• _DATASET CONTENT_:
◇ ◇ ◇ ◇ ◇ ◇ ◇
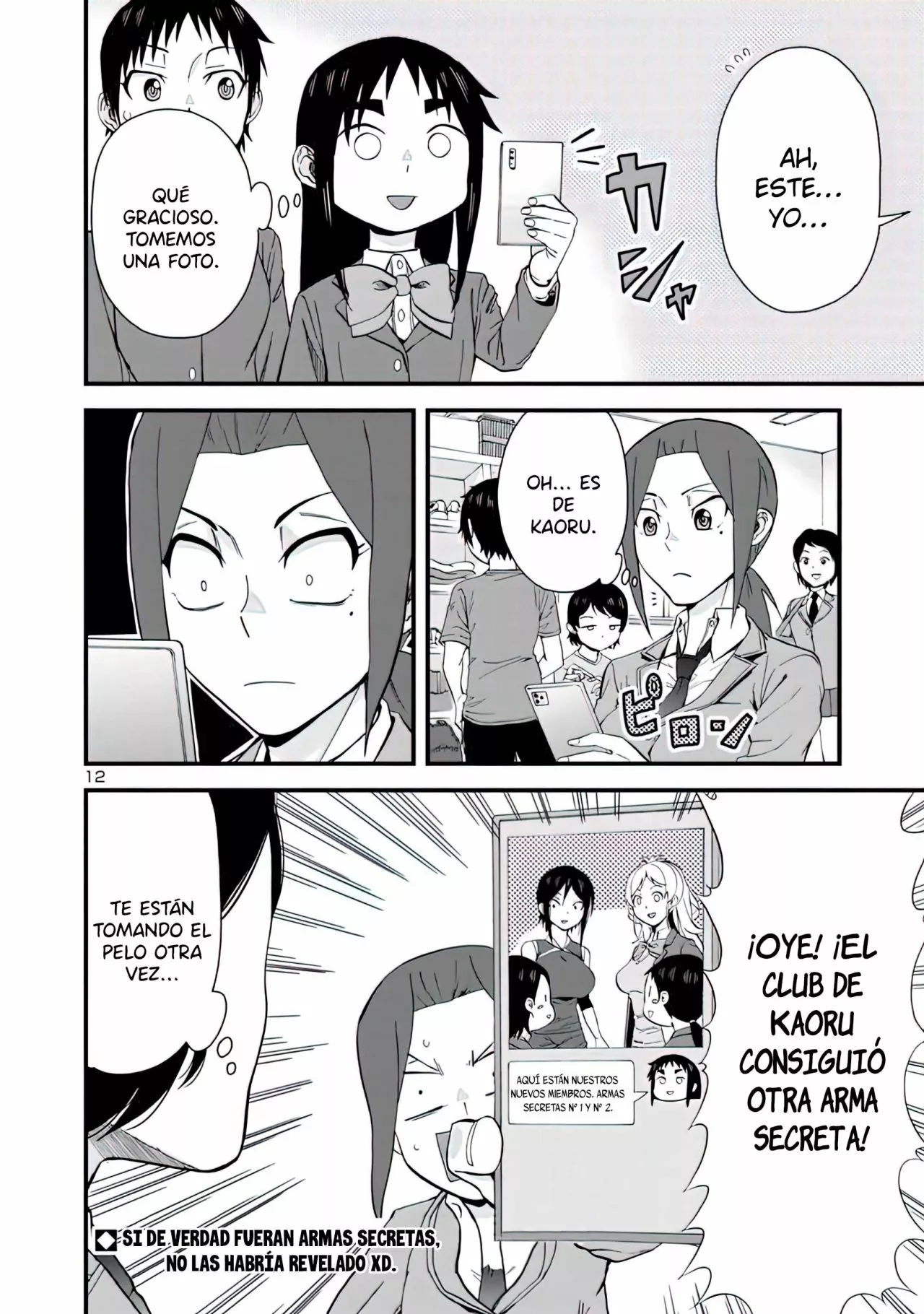 Página 13 del Manga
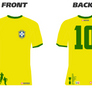 Sensō Jiu Jitsu:Canarinho Rash Guard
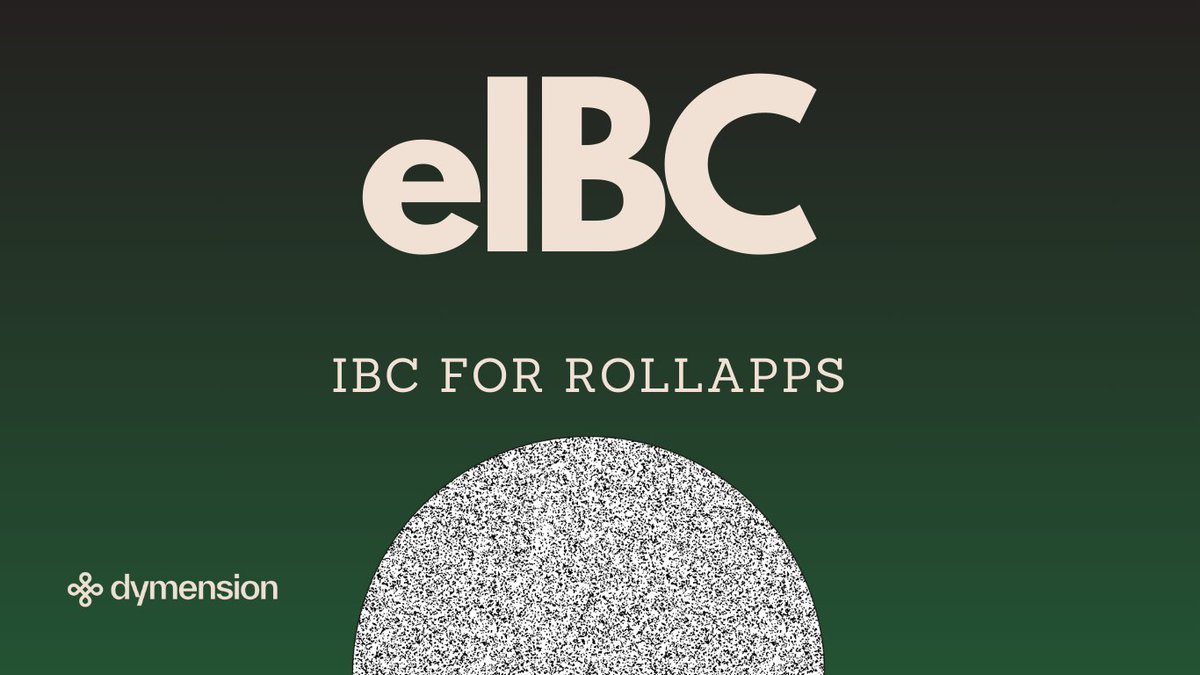 Introducing eIBC on mainnet! An open market for bridging liquidity from RollApps. Learn how to take part 👇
◇ ◇ ◇ ◇ ◇ ◇ ◇
Please repeat the data above exactly as it appears, pictures excluded.

 Página 13 del Manga
 Sensō Jiu Jitsu:Canarinho Rash Guard
 Introducing eIBC on mainnet! An open market for bridging liquidity from RollApps. Learn how to take part 👇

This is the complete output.